Ohne sichtliche Eile schloss er zu dem Lockenkopf auf, der sich nur mit einem kurzen Blick über die Schulter davon überzeugte, dass Lucien ihm folgte und sich dann weit über die Reling beugte, um die Stelle ausfindig zu machen, von der die Rede gewesen war. Der junge Captain indes ließ die Hand flüchtig über das Holz der Brüstung gleiten, von der sich an vielen Stellen trockene Splitter lösten. Ein paar davon stachen ihm leicht in die Handfläche, ließen die Haut jedoch unverletzt.
Unwillkürlich kehrte der Blick aus grünen Augen zu dem jungen Mann an seiner Seite zurück. Gerade noch rechtzeitig, um dessen Geste zu bemerken.
'Aspen'. Jetzt, da er den Namen hörte, erinnerte er sich daran, dass Talin ihn erwähnt hatte. Einer der Männer, die mit ihr auf die Morgenwind gekommen waren, um ihn raus zu holen. Er erinnerte sich dank der anschaulichen Demonstration sogar an dessen Gesicht. Leider wollte ihm darüber hinaus der zweite Name, der im Bericht seiner Schwester gefallen war, trotzdem nicht einfallen.

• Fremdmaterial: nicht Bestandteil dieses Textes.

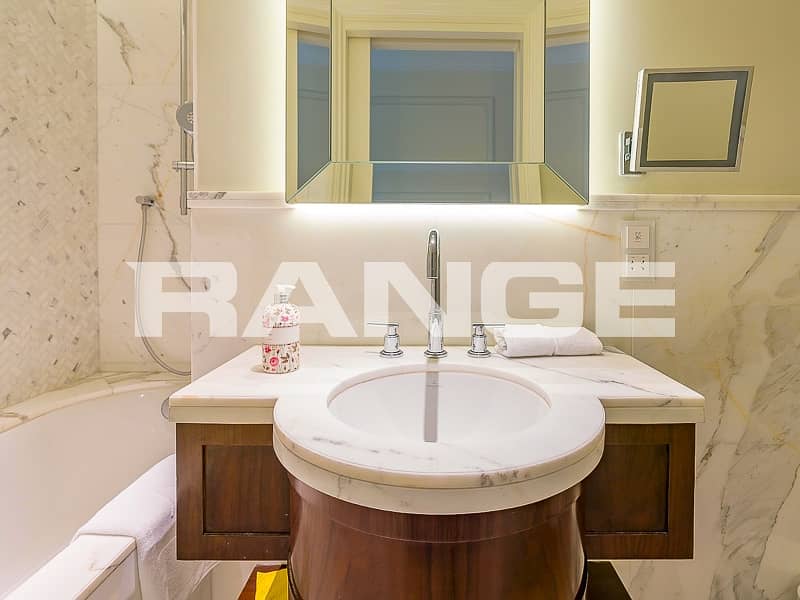 Skyline Views | High Floor | Maid's Room - Image 17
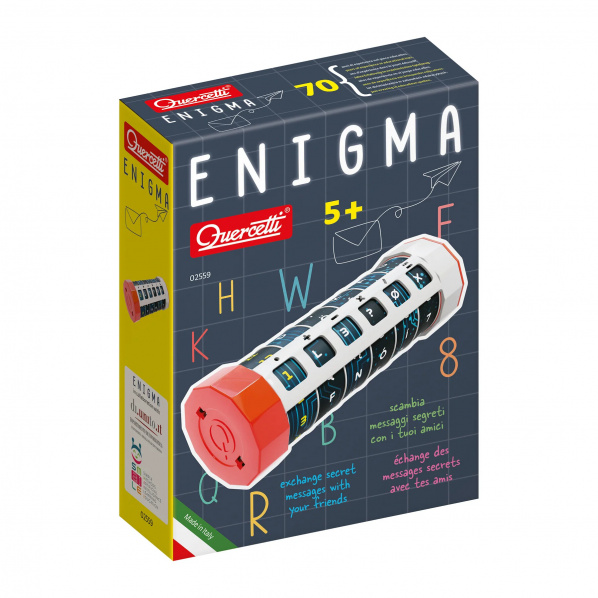 Quercetti 02559_PO Enigma 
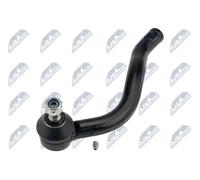 Testina barra sterzo Assale anteriore Sx SKZ-VW-009 NTY per VW FORD SEAT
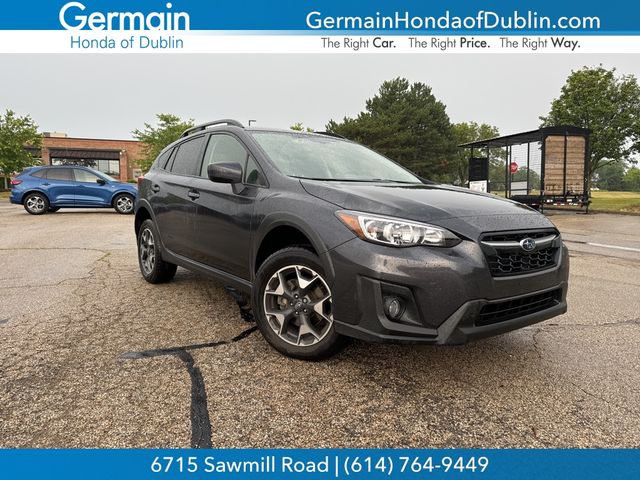 2019 Subaru Crosstrek Premium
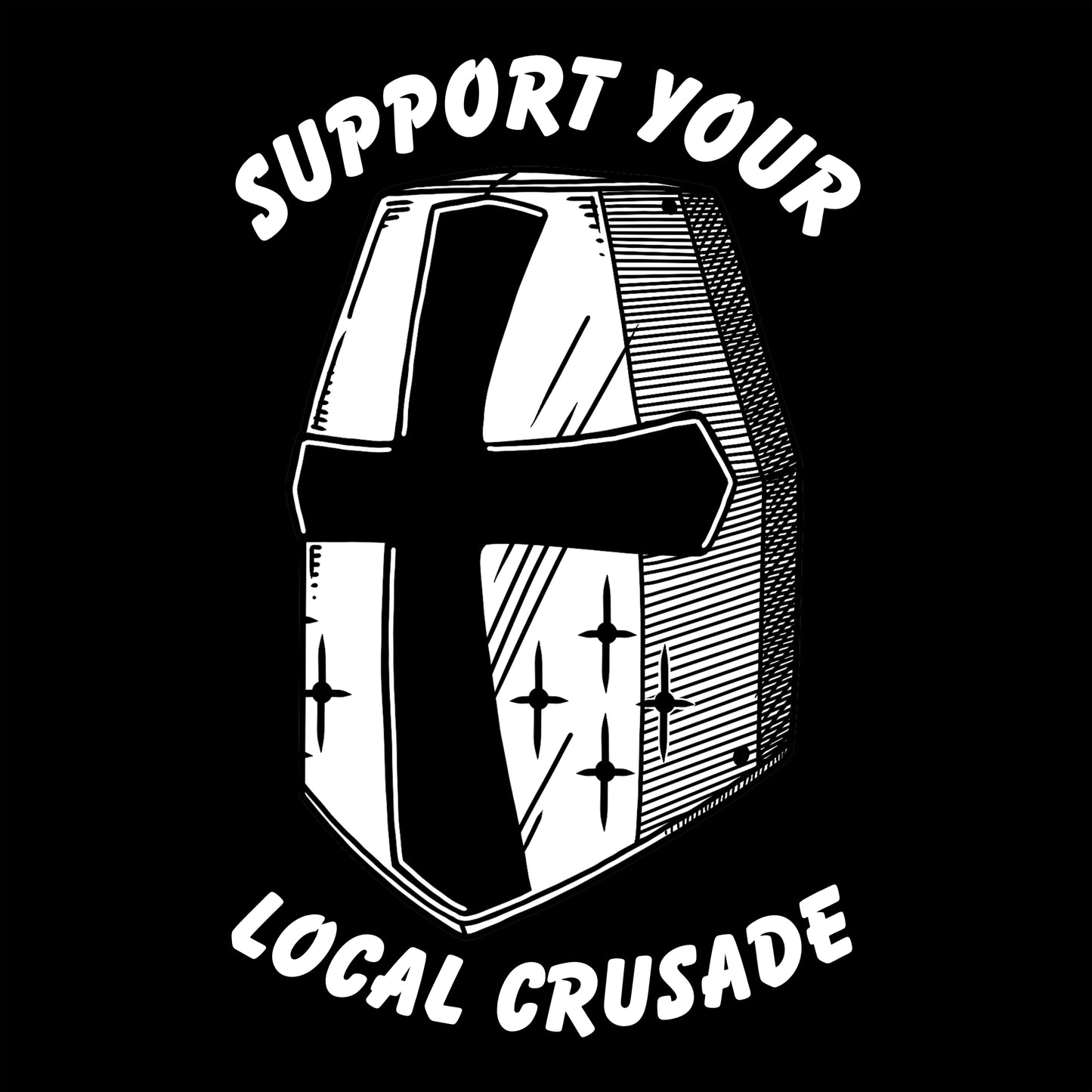 VFG - Support Your Local Crusade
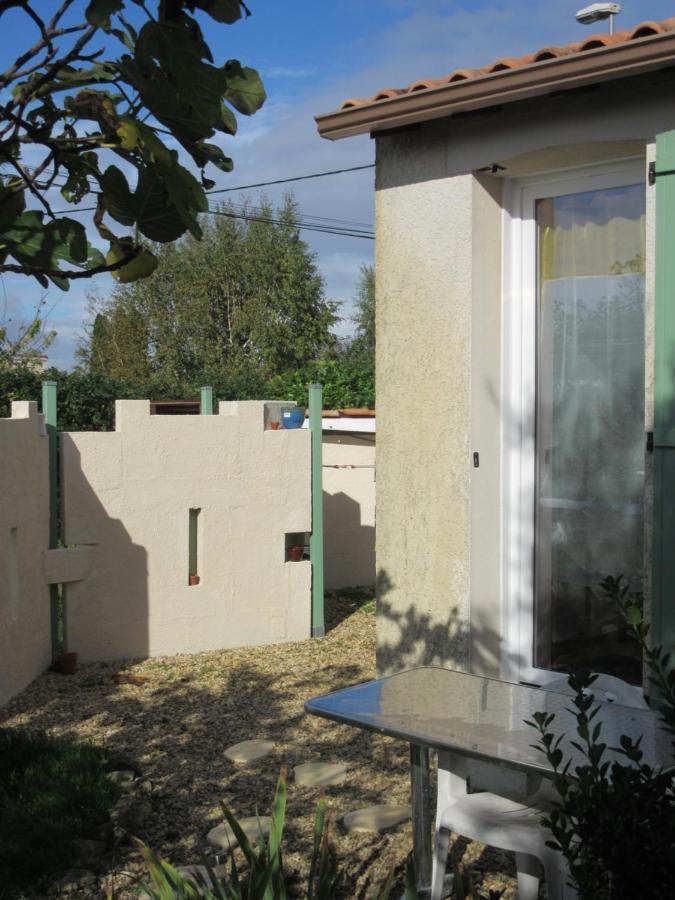 Bed and Breakfast Maranatha Les Gonds Exterior foto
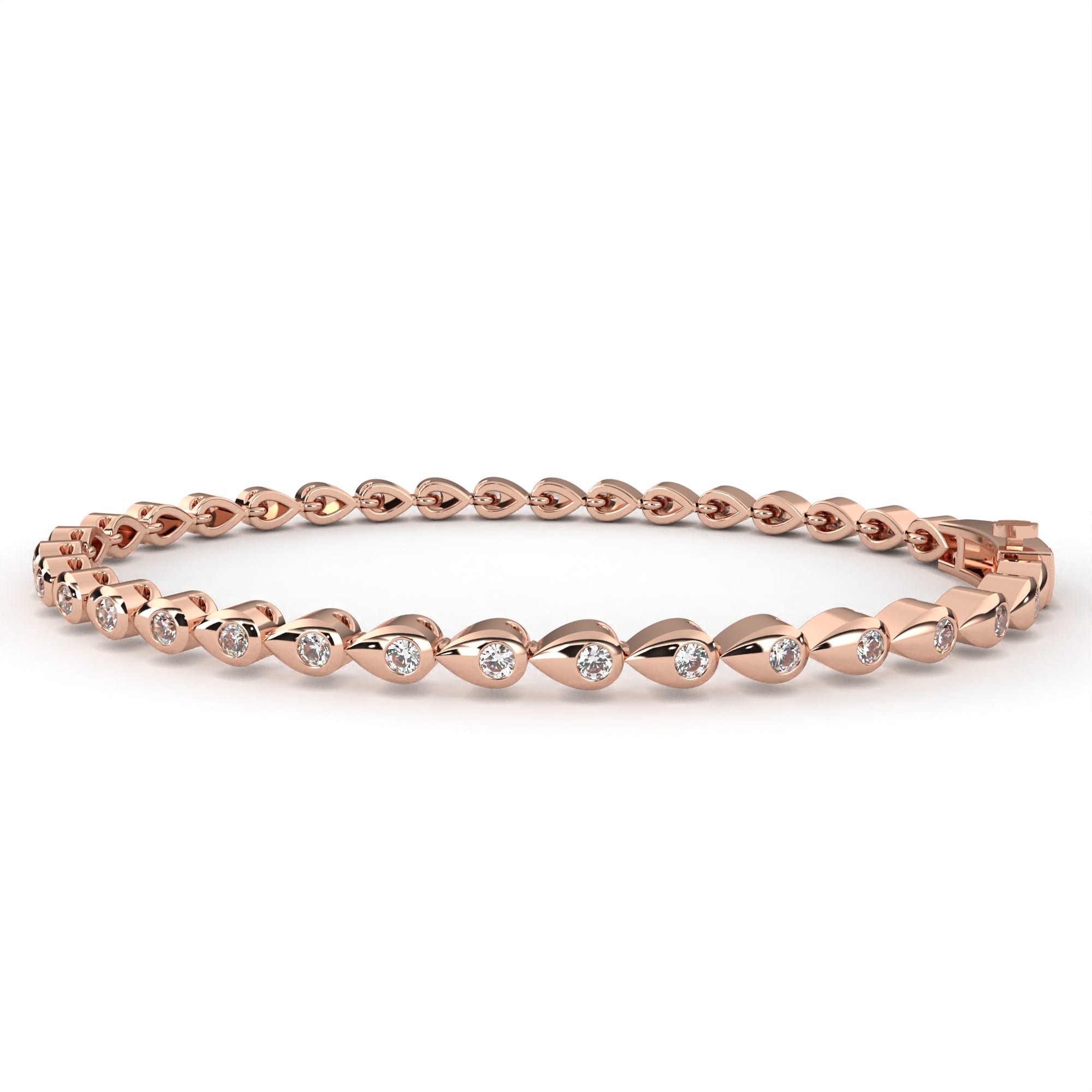 Diane Diamond Bracelet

Aber Prinz Eisenherz? Mit einem belustigten Schmunzeln lehnte sich der Dunkelhaarige rücklings gegen die Reling, stützte die Ellenbogen links und rechts seines Oberkörpers auf das Holz und verlagerte seinen Schwerpunkt ein wenig nach hinten, um einen Blick auf den Rumpf der Sphinx zu werfen. Er hielt erst inne, als sein Gegenüber erneut das Wort ergriff und damit bestätigte, was Lucien insgeheim schon vermutet hatte. Ein leises Schnauben war die Antwort darauf.
„Ich hab' schon so eine Ahnung, worum es geht, also muss ich dir für die Rettung wohl dankbar sein. Für ein Gespräch dieser Art hätte ich gerade nicht genug Geduld.“ In den grünen Augen blitzte der Schalk auf. Seine Laune war im Moment einfach zu gut, um irgendetwas übermäßig ernst zu nehmen. Da stand ihm eher der Sinn nach losem Geplauder.
Bei dem man sie gleich darauf jedoch ein weiteres Mal unterbrach.
Als die kleine Schwarzhaarige sich zu ihnen gesellte, erlosch das Funkeln in seinen Augen kurz, machte zunächst Überraschung, dann reiner Neugier Platz. Damit, dass sie den beiden Männern folgte, hatte der Dunkelhaarige nun nicht gerechnet. Sie hatte eher den Anschein erweckt, sich mehr für dieses Katzentier zu interessieren. Aber scheinbar löste ein neues Gesicht auf dem Schiff eine noch ganz andere Faszination aus. Ihr prüfender Blick entging dem Dunkelhaarigen jedenfalls nicht und er erwiderte ihn mit einem gelassenen Lächeln, nutzte den Moment, um sie seinerseits kurz genauer zu mustern. Genauer, als er es auf dem Gefangenendeck der Morgenwind hatte tun können. Jung, etwa das Alter seiner Schwester, ein hübsches Gesicht und beeindruckend blaue Augen. Nett...
Als sie sich mit aller Selbstverständlichkeit zwischen den beiden Männern an die Reling lehnte, folgte sein Blick ihr, bevor er mit einem Lachen in der Stimme den Kopf schüttelte.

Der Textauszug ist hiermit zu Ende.